Details
-
Bug
-
Resolution: Done
-
Major
-
2.2.9
-
None
Description
Physical hosts "A" (192.168.1.1, coordinator) and "B" (192.168.1.2) run JGroups processes configured with TCP/TCPPING stacks.
"A" stack configuration:
TCP(bind_addr=192.168.1.1;start_port=11800;loopback=true):
TCPPING(initial_hosts=192.168.1.2[11800];port_range=3;timeout=3500;num_initial_members=3;up_thread=true;down_thread=true):
MERGE2(min_interval=5000;max_interval=10000):
FD(shun=true;timeout=1500;max_tries=3;up_thread=true;down_thread=true):
VERIFY_SUSPECT(timeout=1500;down_thread=false;up_thread=false):
pbcast.NAKACK(down_thread=true;up_thread=true;gc_lag=100;retransmit_timeout=3000):
pbcast.STABLE(desired_avg_gossip=20000;down_thread=false;up_thread=false):
pbcast.GMS(join_timeout=5000;join_retry_timeout=2000;shun=false;print_local_addr=false;down_thread=true;up_thread=true)
"B" stack configuration:
TCP(bind_addr=192.168.1.2;start_port=11800;loopback=true):
TCPPING(initial_hosts=192.168.1.1[11800];port_range=3;timeout=3500;num_initial_members=3;up_thread=true;down_thread=true):
MERGE2(min_interval=5000;max_interval=10000):
FD(shun=true;timeout=1500;max_tries=3;up_thread=true;down_thread=true):
VERIFY_SUSPECT(timeout=1500;down_thread=false;up_thread=false):
pbcast.NAKACK(down_thread=true;up_thread=true;gc_lag=100;retransmit_timeout=3000):
pbcast.STABLE(desired_avg_gossip=20000;down_thread=false;up_thread=false):
pbcast.GMS(join_timeout=5000;join_retry_timeout=2000;shun=false;print_local_addr=false;down_thread=true;up_thread=true)

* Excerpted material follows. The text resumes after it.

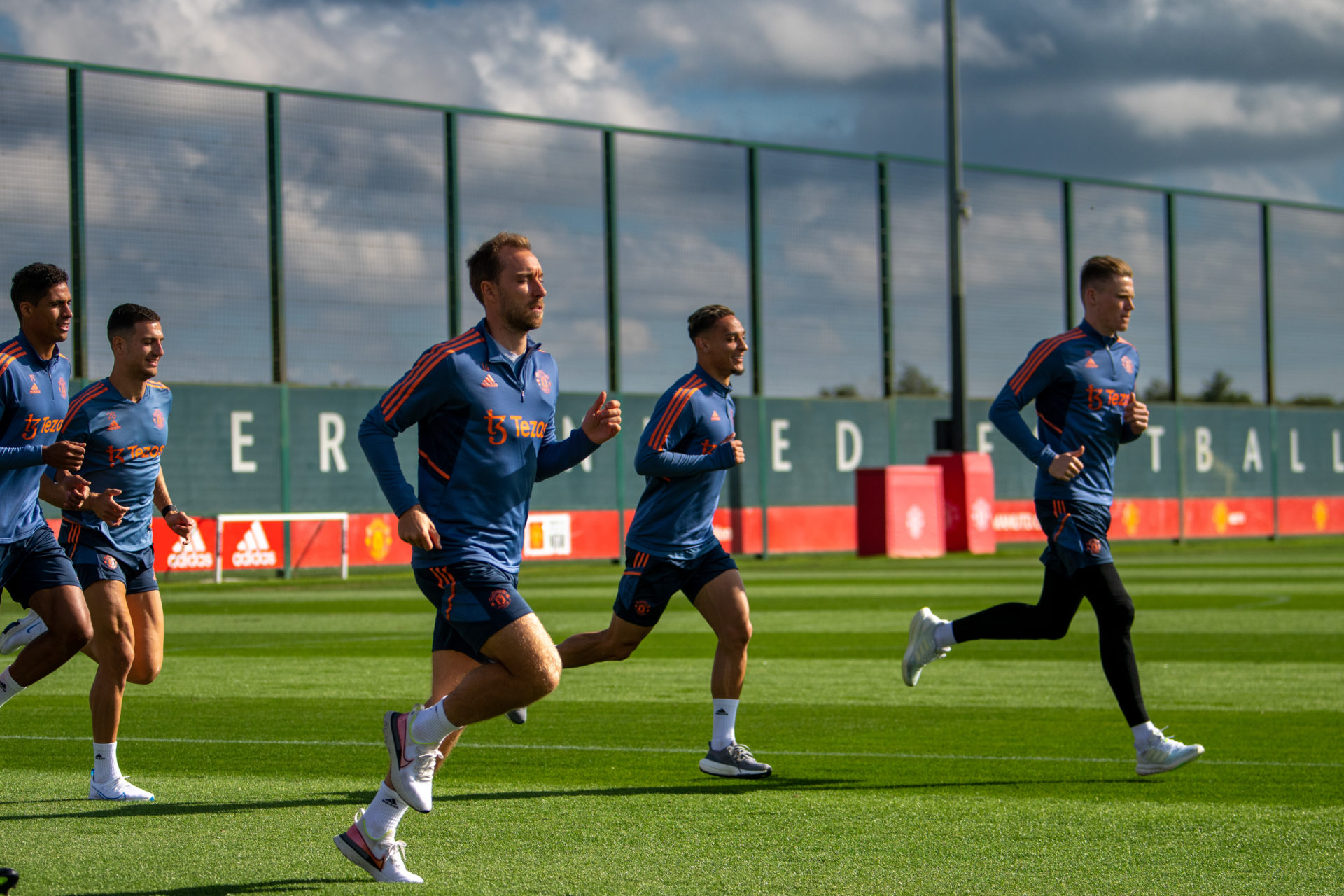 Photo by Ash Donelon/Manchester United via Getty Images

If I pull the cable under B, the B stack immediately and correctly indentifies A as suspect and installs a new view containing itself only.
However, A does not recognizes B as suspect and undeterministically spews out various info and warning messages. The view (A, B) stays incorrectly "valid" for a long time; sometimes gets replaced by (A), sometimes not.
I tracked down the cause of the problem down to the A TCPPING configuration and TCP queue . If A's TCPPING is configured with a port_range=1, the problem goes away and the new view immediately installs into the A stack. It seems that if there are messages in the TCP queue except the SUSPECT message generated by FD, they mess up things and the SUSPECT message gets stuck in the queue, with undeterministic results.